Differing quantiles: Boxplot vs. Violinplot

2019-05-01 19:21发布

问题:

require(ggplot2)
require(cowplot)
d = iris

ggplot2::ggplot(d, aes(factor(0), Sepal.Length)) + 
    geom_violin(fill="black", alpha=0.2, draw_quantiles = c(0.25, 0.5, 0.75)
                , colour = "red", size = 1.5) +
    stat_boxplot(geom ='errorbar', width = 0.1)+
    geom_boxplot(width = 0.2)+
    facet_grid(. ~ Species, scales = "free_x") +
    xlab("") + 
    ylab (expression(paste("Value"))) +
    coord_cartesian(ylim = c(3.5,9.5)) + 
    scale_y_continuous(breaks = seq(4, 9, 1)) + 
    theme(axis.text.x=element_blank(),
          axis.text.y = element_text(size = rel(1.5)),
          axis.ticks.x = element_blank(),
          strip.background=element_rect(fill="black"),
          strip.text=element_text(color="white", face="bold"),
          legend.position = "none") +
    background_grid(major = "xy", minor = "none") 

To my knowledge box ends in boxplots represent the 25% and 75% quantile, respectively, and the median = 50%. So they should be equal to the 0.25/0.5/0.75 quantiles which are drawn by geom_violin in the draw_quantiles = c(0.25, 0.5, 0.75) argument.

Median and 50% quantile fit. However, both 0.25 and 0.75 quantile do not fit the box ends of the boxplot (see figure, especially 'virginica' facet).

References:

  1. http://docs.ggplot2.org/current/geom_violin.html

  2. http://docs.ggplot2.org/current/geom_boxplot.html

回答1:

This is too long for a comment, so I post it as an answer. I see two potential sources for the divergence. First, my understanding is that the boxplot refers to boxplot.stats, which uses hinges that are very similar but not necessarily identical to the quantiles. ?boxplot.stats says:

The two ‘hinges’ are versions of the first and third quartile, i.e., close to quantile(x, c(1,3)/4).

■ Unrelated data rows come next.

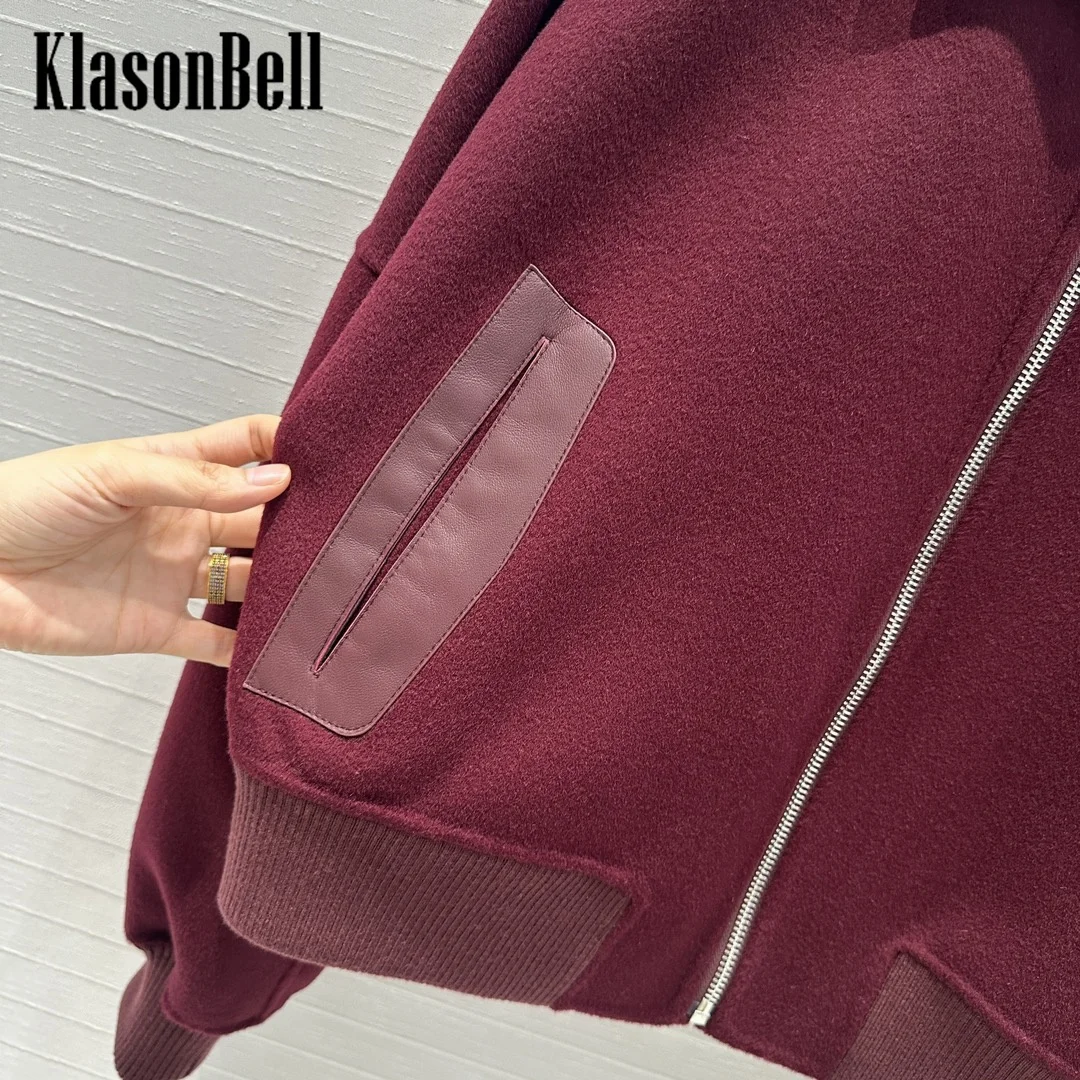 8.21 KlasonBell Women Clothes Lapel Pocket Spliced Sheepskin Jacket Elegant Comfortable Double-Sided Wool Cashmere Coat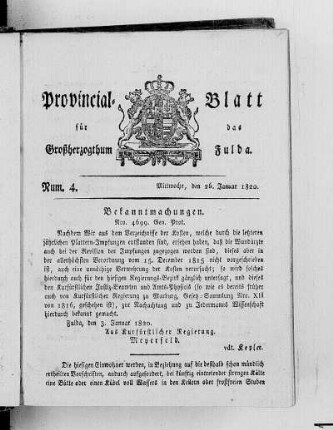 Num. 4, Ausgabe vom 26. Januar 1820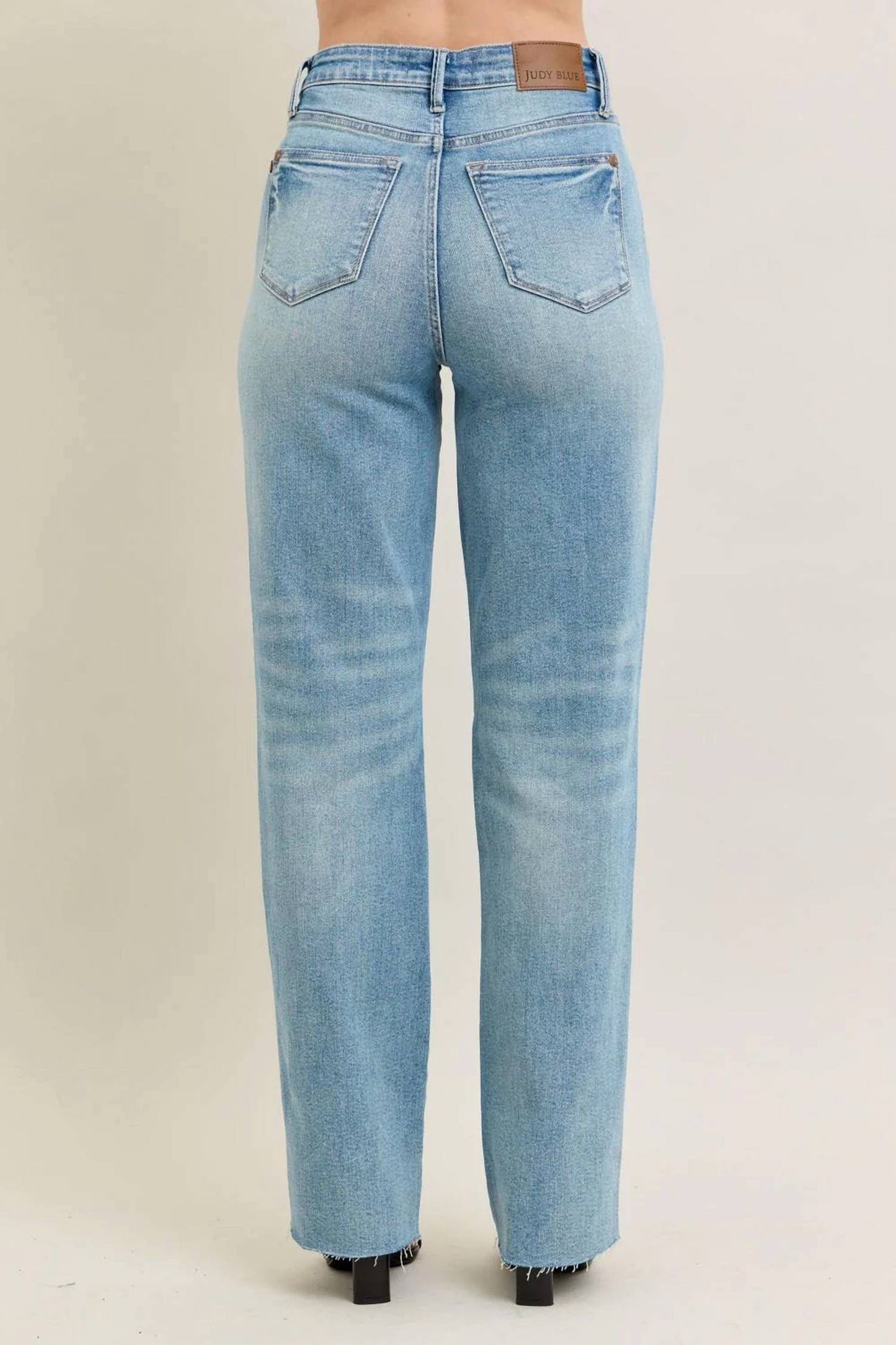 Judy Blue - High Waist Rigid Magic Star Shaped Destroy 90's Straight Leg Jeans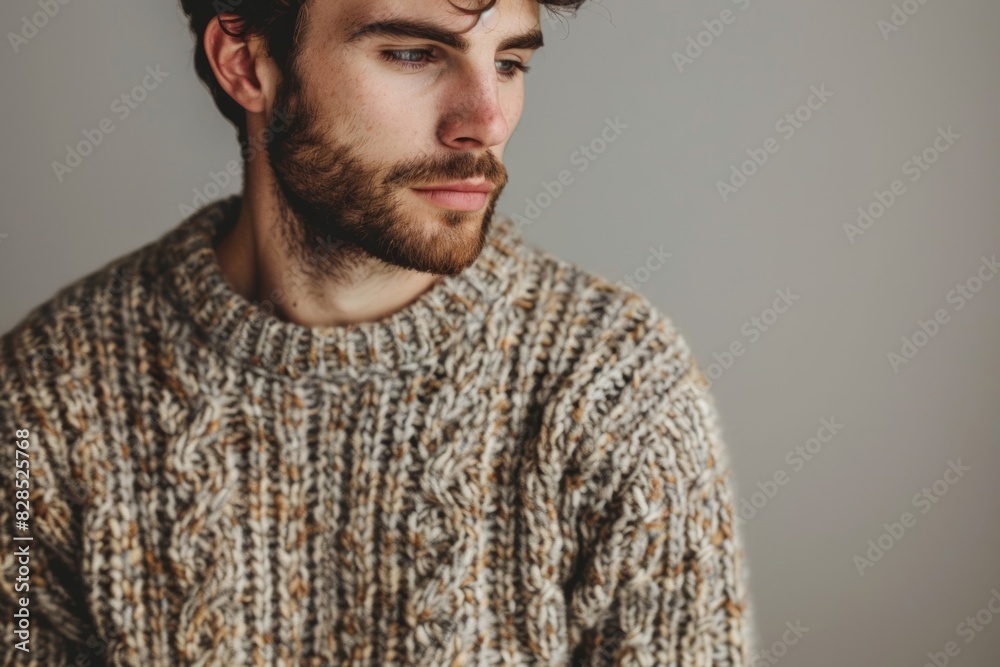 Fototapeta premium Young man in a knitted sweater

The hinges equal the quartiles for odd n (where n <- length(x)) and differ for even n. Whereas the quartiles only equal observations for n %% 4 == 1 (n = 1 mod 4), the hinges do so additionally for n %% 4 == 2 (n = 2 mod 4), and are in the middle of two observations otherwise.

The hinge vs quantile distinction could thus be one source for the difference.

Second, geom_violin refers to a density estimate. The source code here points to a function StatYdensity, which leads me to here. I could not find the function compute_density, but I think (also due to some pointers in help files) it is essentially density, which by default uses a Gaussian kernel estimate to estimate the density. This may (or may not) explain the differences, but

by(d$Sepal.Length, d$Species, function(x) boxplot.stats(x, coef=5)$stats )
by(d$Sepal.Length, d$Species, function(v) quantile(density(v)$x))

do show indeed differing values. So, I would guess that the difference is due to whether we look at quantiles based on the empirical distribution function of the observations, or based on kernel density estimates, though I admit that I have not conclusively shown this.